▸ Data block
%%

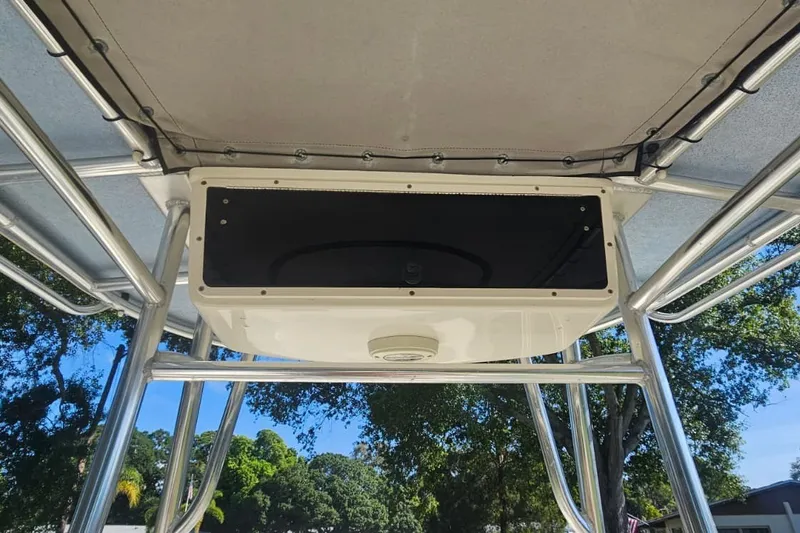 Slide: The Image of 2016 Carolina Skiff 258 DLV T-top with storage compartment, viewed from below. - 11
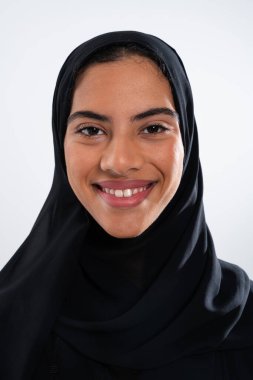Geleneksel siyah başörtüsü takan neşeli, genç bir Arap kadının stüdyo portresi temiz beyaz zemine karşı güven ve kültürel gurur sergiliyor.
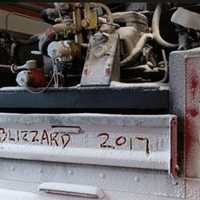 <p>A snow-covered Red Hook Fire Department truck after returning from its first call of the day Tuesday, an auto accident. Much of Western Dutchess saw 26 inches or more of accumulation.</p>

%%

▸ Task prompt
Exactly repeat the material from its first line through the line with "Geleneksel siyah başörtüsü", including both, and leave the pictures and everything else out.

▸ Output of the exercise
 Slide: The Image of 2016 Carolina Skiff 258 DLV T-top with storage compartment, viewed from below. - 11
Geleneksel siyah başörtüsü takan neşeli, genç bir Arap kadının stüdyo portresi temiz beyaz zemine karşı güven ve kültürel gurur sergiliyor.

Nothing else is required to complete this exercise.